In January 2017, Erica Pearson, BCom’14, started Vacation Fund as a way to help people save for holiday travels. A year later, she changed her strategy: Rather than cater to individuals, she decided to work directly with companies in order to help their employees save for vacations. The result: increased growth for the Toronto-based startup. We caught up with Pearson, Vacation Fund’s CEO (and recipient of the 2018 Valerie Mann, BCom'86, Dare to Dream internship), to see how her venture is evolving. 

How did you come up with the idea for Vacation Fund?

I saw people joining bucket-list platforms. People were laying out all the trips they wanted to take in their life, and I thought, ‘Well, that's great, but if you're not working towards those goals, then what's the point?’

My dad was a big inspiration, too. When I was growing up, he wouldn't spend money. He was very frugal. [But] he took our family on three trips a year. By the time I turned 22, I'd been to over 40 countries. I look back now and think that was about as incredible a childhood as I possibly could have asked for. People have started to catch on to this idea that experiences make you happier than stuff does. 

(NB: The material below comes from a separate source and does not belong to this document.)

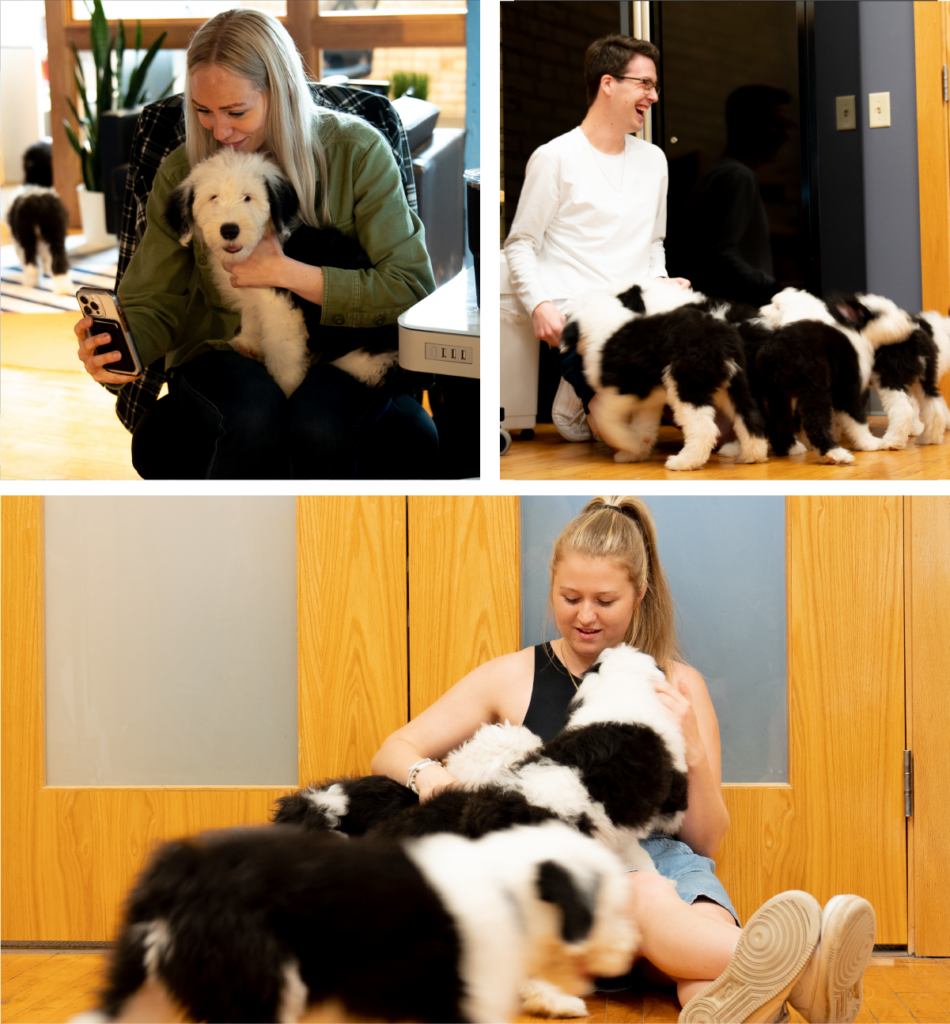 Thank you to Brenda and Dave from @cheshireoes on Instagram for bringin in their adorable old english sheepdog puppies for us to play with! This was a much needed afternoon or playing!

How does Vacation Fund work? 

Vacation Fund is an employer-matched travel savings program. It allows employees to direct a portion of their paycheque into a separate vacation-fund account. Companies match a portion of their employees’ contributions and pay us a subscription fee based on the company’s size.

Vacation Fund may be one of the few benefits that smaller companies offer. And for some larger companies, it may replace another employee benefit. The feedback we keep getting is that this is one of the few benefits applicable to 100 per cent of the employee base, regardless of age, gender, income bracket or marital status. No matter who you are, you are expected to take some time off. 

You initially targeted individuals, then switched to marketing to companies as an employee benefit. Why the change?

We started asking our users what prevents them from going on vacation, and 50 per cent said, ‘I don't have the budget,’ and the other 50 per cent said, ‘I don't think my boss wants me to take time off.’ Around that time, I was pitching to tech CEOs in Toronto. They started asking if they could put money towards their employees’ vacation funds to show them that they actually expect them to take time off. It was just kind of a perfect storm of both sides telling us that Vacation Fund needed to be an employee benefit.

How has the shift impacted your business?

We started receiving far more interest. We started a test run with six smaller companies in 2018, and now we are in the process of onboarding a 300-person fintech company in Toronto. More and more companies are paying attention, and we’ve been getting inquiries from as far away as Germany, as well as across the U.S. and Canada. 

What’s next for Vacation Fund?

By early 2020 we would like to have almost 20,000 employees using our platform. That will involve a few bigger companies coming on board. Our goal is to do some integrations with payroll providers, so that smaller companies can take advantage of more of a self-serve onboarding experience, and then focus our efforts on converting medium- and large-enterprise leads. 

Longer term, we would like to see a version of the platform that helps people estimate their trip costs and choose a contribution amount that makes sense based on the kinds of trips they want to go on. We see a lot of opportunity around knowing people’s travel goals, showing them offers that are aligned with those goals, and making some commission on the travel side.